Flynn was born in 1881 at Powell Creek Telegraph Station, just south of Elliott, and was the daughter of Maggie and Lindsay Crawford; her mother was an Aboriginal woman and her father was Māori. Flynn never knew her mother as she died when she was a small child. Relatives where unable to care for Flynn and she began working as a housemaid as a young girl and, eventually, walked to Pine Creek (a distance of almost 600 km) and began working at the Pine Creek Hotel. Flynn only worked there for a short time as she "could not stand the drunks" and was a teetotaller herself. However, it was there that she met her future husband Tom Flynn who was employed on the North Australia Railway at Rum Jungle.

Flynn was only about 145cms tall and Tom was described as an "Irish giant" at 189cms tall.

Flynn's grandson John Scrutton said of the pair that: "[t]he two of them just clicked and the rest is history," and that "[t]hey just adored each other".

They married in October 1909, when a Catholic priest passed through. The ring used was made from gold that Tom found when digging the railway. Their marriage was one of the last interracial marriages in the Northern Territory for some time due to restrictions brought in with the Northern Territory Aboriginals Act 1910.

The couple relocated to Rum Jungle together, where they lived in a railway cottage until Tom built them a home at Rum Jungle Creek. It was an old railway shed that he and his horses pushed up a hill. The couple had 10 children together. Flynn was remembered by many of the locals for walking from her home in Rum Jungle to Batchelor each week for supplies and often carrying large amounts of supplies with her.

During World War II, Flynn and her husband were told to evacuate, but chose to remain at their home. They and their daughters Bessie and Josie were the only civilians to remain in the area. Flynn said that they were well looked after during this period and that the closest they came to seeing anything of the bombing was when the petrol dump at Batchelor was destroyed and the impact threw Tom against the kitchen stove. She also remembered the Army sergeant who told them to never look at the night sky as their faces would reflect the moonlight, and the Japanese would spot them and machine-gun them.

Flynn was given the name 'Shotgun Nellie' from her skill with a rifle. She was fiercely protective of her family and home and often protected them with this gun. In one incident, a passing swagman "started to get a bit cheeky" with Flynn and her daughter, and she wielded the shotgun at him to get him off the property. She made national news in 1969 for wielding her 59-year-old shotgun at a group of boys who had burned down the footbridge at her home.

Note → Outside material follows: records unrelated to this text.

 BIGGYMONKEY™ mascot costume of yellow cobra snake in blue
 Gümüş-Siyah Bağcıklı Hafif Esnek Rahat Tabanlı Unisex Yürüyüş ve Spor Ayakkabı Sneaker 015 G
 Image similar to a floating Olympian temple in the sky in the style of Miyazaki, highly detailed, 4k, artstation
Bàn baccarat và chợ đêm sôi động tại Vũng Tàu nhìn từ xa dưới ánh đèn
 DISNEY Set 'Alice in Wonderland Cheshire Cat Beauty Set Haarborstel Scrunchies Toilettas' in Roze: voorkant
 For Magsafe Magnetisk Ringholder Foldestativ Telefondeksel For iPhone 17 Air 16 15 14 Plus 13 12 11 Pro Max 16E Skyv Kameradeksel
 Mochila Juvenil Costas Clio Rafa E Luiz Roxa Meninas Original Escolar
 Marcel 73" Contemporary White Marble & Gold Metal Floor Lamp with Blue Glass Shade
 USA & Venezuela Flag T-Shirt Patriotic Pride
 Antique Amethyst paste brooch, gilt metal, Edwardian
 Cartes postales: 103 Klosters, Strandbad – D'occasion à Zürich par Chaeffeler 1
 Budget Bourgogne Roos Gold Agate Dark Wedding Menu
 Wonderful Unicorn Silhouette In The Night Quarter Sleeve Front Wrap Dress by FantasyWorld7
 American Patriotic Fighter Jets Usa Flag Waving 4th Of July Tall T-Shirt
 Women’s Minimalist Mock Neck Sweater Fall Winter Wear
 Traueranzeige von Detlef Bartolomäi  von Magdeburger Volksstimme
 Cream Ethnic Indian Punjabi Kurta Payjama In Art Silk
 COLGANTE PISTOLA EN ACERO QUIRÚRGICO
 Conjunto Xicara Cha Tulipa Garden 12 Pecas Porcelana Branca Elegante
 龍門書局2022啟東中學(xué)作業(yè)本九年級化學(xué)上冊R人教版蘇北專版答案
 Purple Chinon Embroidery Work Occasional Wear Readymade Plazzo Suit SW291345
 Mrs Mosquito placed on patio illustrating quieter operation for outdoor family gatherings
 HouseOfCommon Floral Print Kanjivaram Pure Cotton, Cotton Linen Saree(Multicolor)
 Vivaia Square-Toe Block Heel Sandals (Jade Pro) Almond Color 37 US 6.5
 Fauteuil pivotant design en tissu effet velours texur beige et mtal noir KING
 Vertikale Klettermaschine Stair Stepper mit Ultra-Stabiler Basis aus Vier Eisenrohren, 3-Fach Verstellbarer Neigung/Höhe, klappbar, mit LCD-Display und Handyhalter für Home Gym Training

In 1961, at the age of 80 and in a sparkly gold ankle-length dress, she famously walked 25 km for the NT News Walkabout, a fundraiser organised by Jim Bowditch Despite trailing behind others she vowed: "I'll knock 'em off... I'll leave em dead by the roadside". After completing the walk, as the last over the line, she was rewarded with afternoon tea at Government House.

After the death of her husband, who had become blind many years before, Flynn moved to Darwin and was living in Rapid Creek when Cyclone Tracy hit. After the disaster, Flynn refused to evacuate and hid for three days under some scraps of canvas in her roofless home; she feared that she would never survive the flight south.

In 1981, she received a 100th birthday telegram from Queen Elizabeth II, then-Prime Minister Malcolm Fraser, and many others from around Australia.

Nellie died in 1982 at 101 years old. She was believed to have been the oldest Territorian who had ever lived at that time. It is said that:

She is typical of the Territory's pioneering spirit, the battles who fought tremendous odds to wring a living from an uncompromising and unyielding outback
— Terry Dahlenburg, 1 August 1981

== Legacy ==
Flynn's grandson, John Scrutton, published a storytelling artwork called ‘The Real Map of Batchelor According to Me’ which contains stories about Flynn woven alongside his own memories of life in Batchelor.

== Resources ==
There is a collection of biographical clippings of Flynn available at the National Library of Australia.